Data supplied ▸
#####

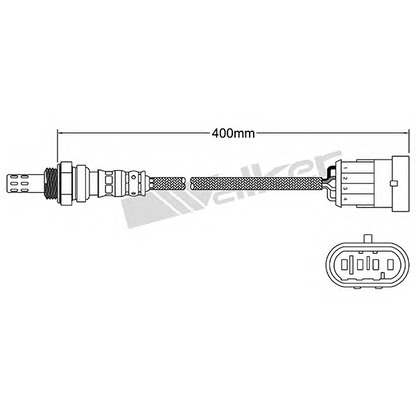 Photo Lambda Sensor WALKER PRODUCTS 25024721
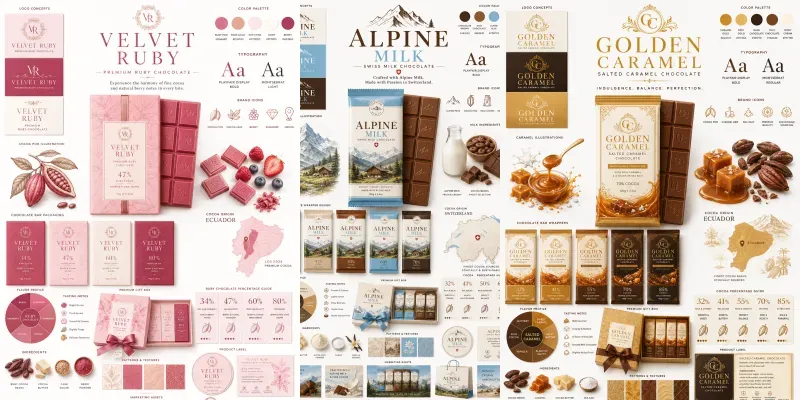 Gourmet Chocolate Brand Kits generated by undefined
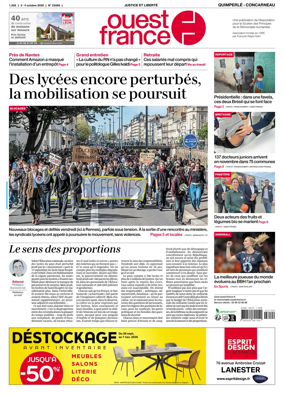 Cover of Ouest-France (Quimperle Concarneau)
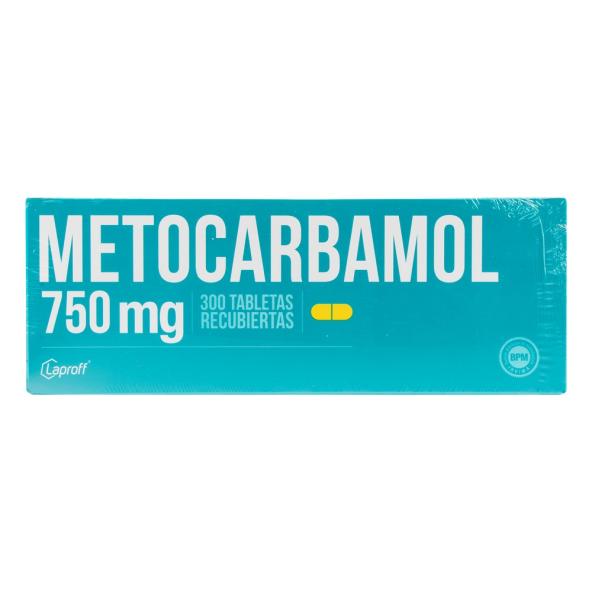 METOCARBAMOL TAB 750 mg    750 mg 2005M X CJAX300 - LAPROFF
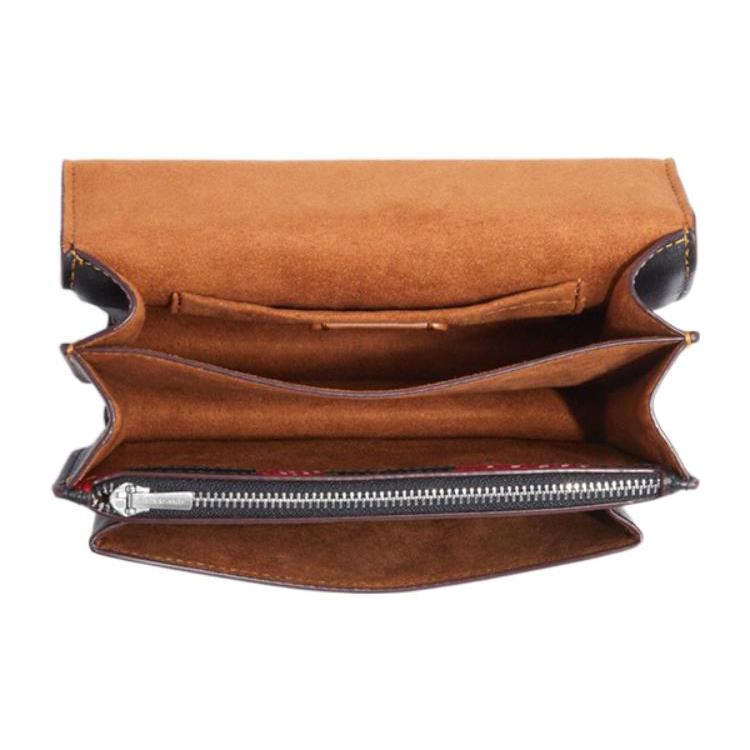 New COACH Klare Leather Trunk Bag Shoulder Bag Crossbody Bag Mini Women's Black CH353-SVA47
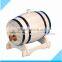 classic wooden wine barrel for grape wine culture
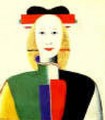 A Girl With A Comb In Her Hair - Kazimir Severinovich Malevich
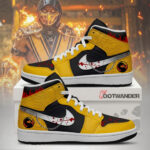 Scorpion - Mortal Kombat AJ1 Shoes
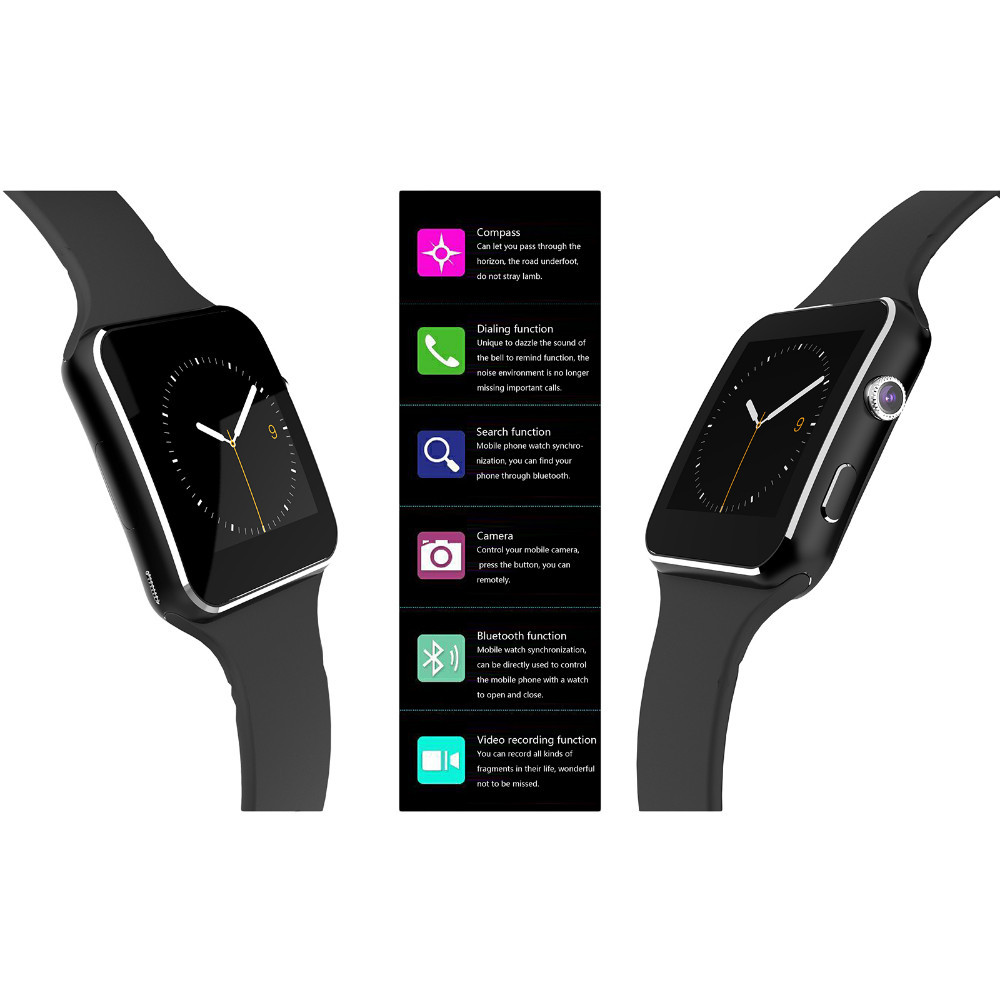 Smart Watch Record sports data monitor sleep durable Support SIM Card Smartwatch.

#####

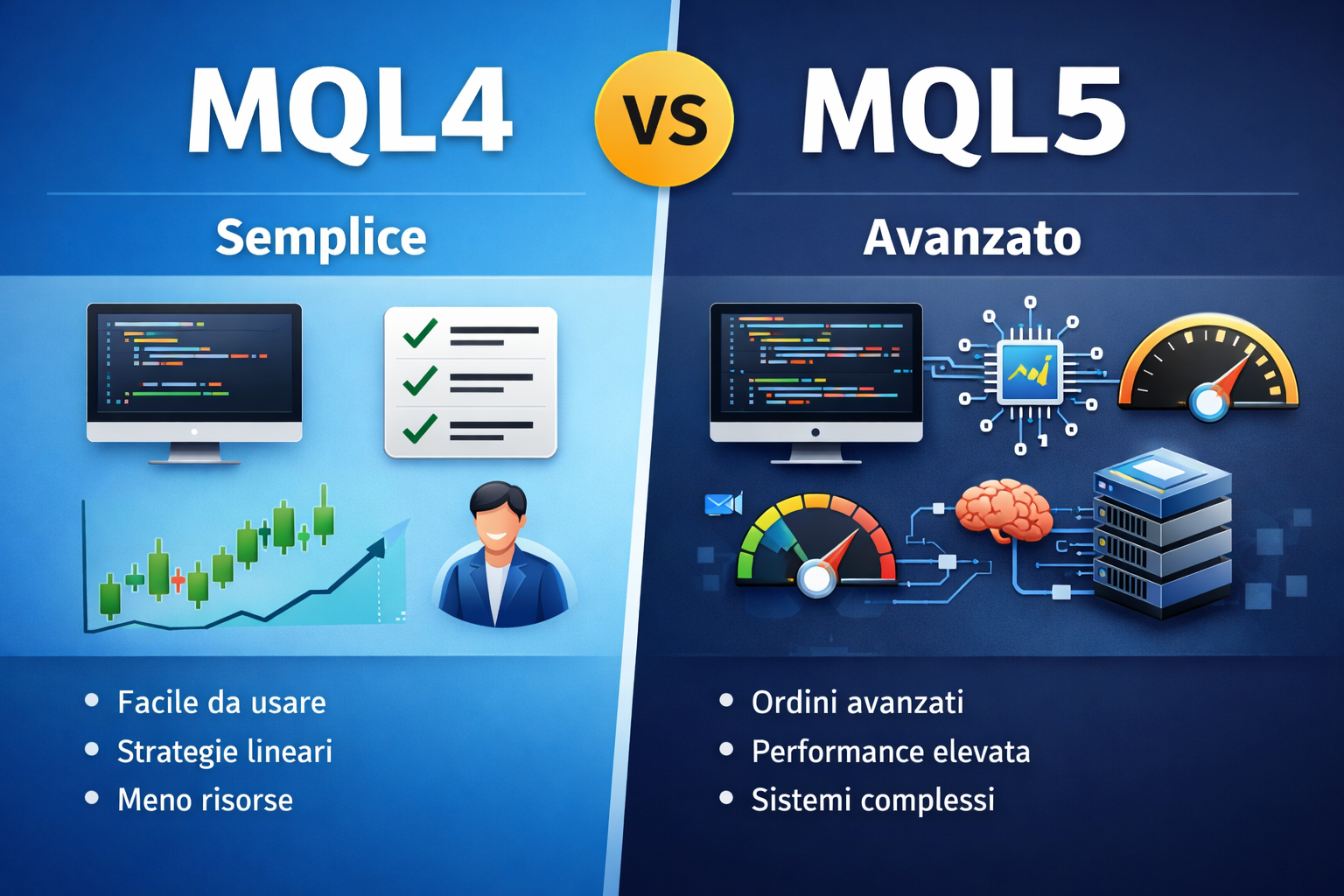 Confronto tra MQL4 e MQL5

#####

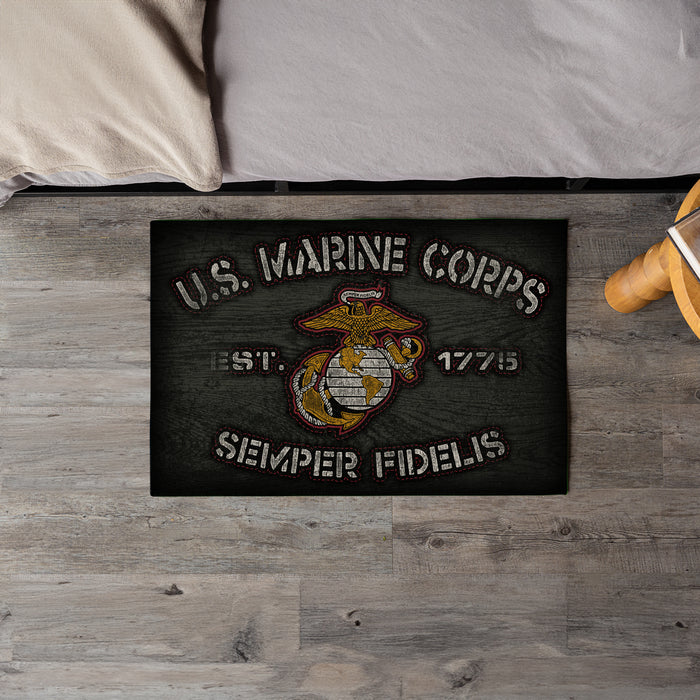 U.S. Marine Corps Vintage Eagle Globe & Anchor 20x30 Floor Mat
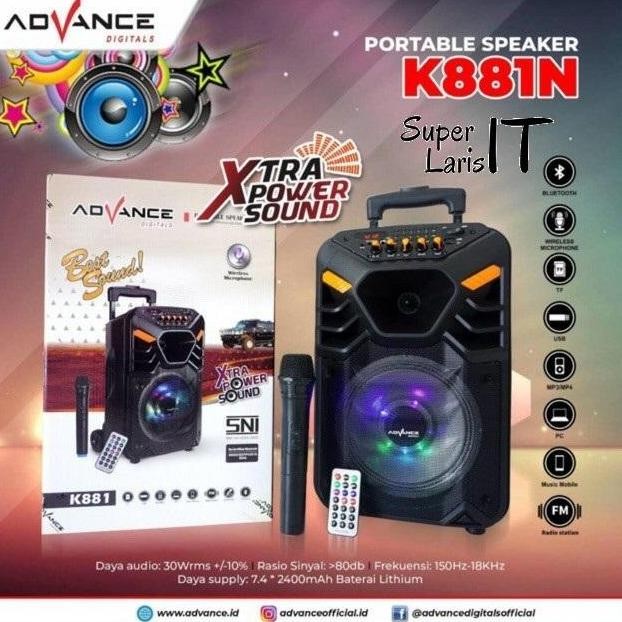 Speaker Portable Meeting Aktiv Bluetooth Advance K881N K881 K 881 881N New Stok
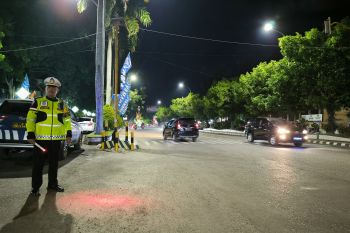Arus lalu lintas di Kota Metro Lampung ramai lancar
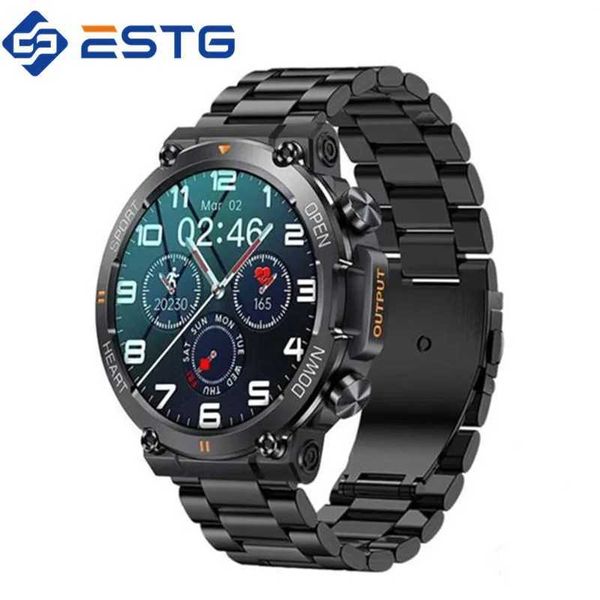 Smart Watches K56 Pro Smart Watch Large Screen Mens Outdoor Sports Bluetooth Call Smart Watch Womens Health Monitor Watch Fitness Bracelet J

#####

Exercise ▸
In the listing above, find the line with "U.S. Marine Corps" and the line with "Smart Watches K56". Copy exactly those two and every line between, without the pictures.

Problem solution ▸
 U.S. Marine Corps Vintage Eagle Globe & Anchor 20x30 Floor Mat
 Speaker Portable Meeting Aktiv Bluetooth Advance K881N K881 K 881 881N New Stok
Arus lalu lintas di Kota Metro Lampung ramai lancar
 Smart Watches K56 Pro Smart Watch Large Screen Mens Outdoor Sports Bluetooth Call Smart Watch Womens Health Monitor Watch Fitness Bracelet J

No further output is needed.